More than eight decades after it was installed, a memorial to the three 19th-century sibling novelists in London’s Westminster Abbey was amended Thursday to restore the diaereses – the two dots over the e in their surname.

The dots — which indicate that the name is pronounced “brontay” rather than “bront” — were omitted when the stone tablet commemorating Charlotte, Emily and Anne was erected in the abbey’s Poets’ Corner in October 1939, just after the outbreak of World War II.

They were restored after Brontë historian Sharon Wright, editor of the Brontë Society Gazette, raised the issue with Dean of Westminster David Hoyle.
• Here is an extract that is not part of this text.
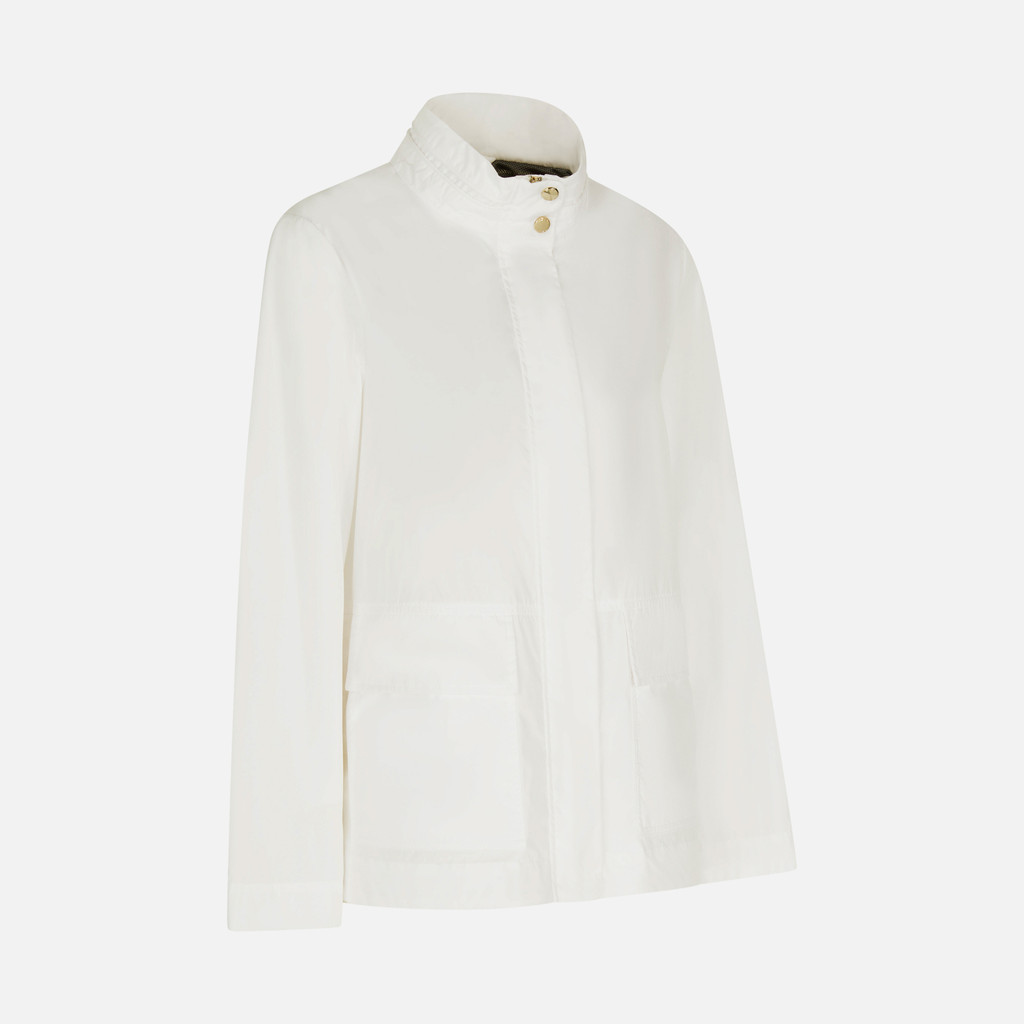 mid-season jacket DANDRA WOMAN White - image number 2 | GEOX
The abbey asked its stonemason to tap in the dots and its conservator to paint them.

“There’s no paper record for anyone complaining about this or mentioning this, so I just wanted to put it right, really,” Wright said. “These three Yorkshire women deserve their place here, but they also deserve to have their name spelled correctly.”

It’s believed the writers’ Irish father Patrick changed the spelling of his surname from Brunty or Prunty when he went to university in England.

Raised on the wild Yorkshire moors, all three sisters died before they were 40, leaving enduring novels including Charlotte’s “Jane Eyre,” Emily’s “Wuthering Heights” and Anne’s “The Tenant of Wildfell Hall.”

Rebecca Yorke, director of the Brontë Society, welcomed the restoration.

“As the Brontës and their work are loved and respected all over the world, it’s entirely appropriate that their name is spelled correctly on their memorial,” she said.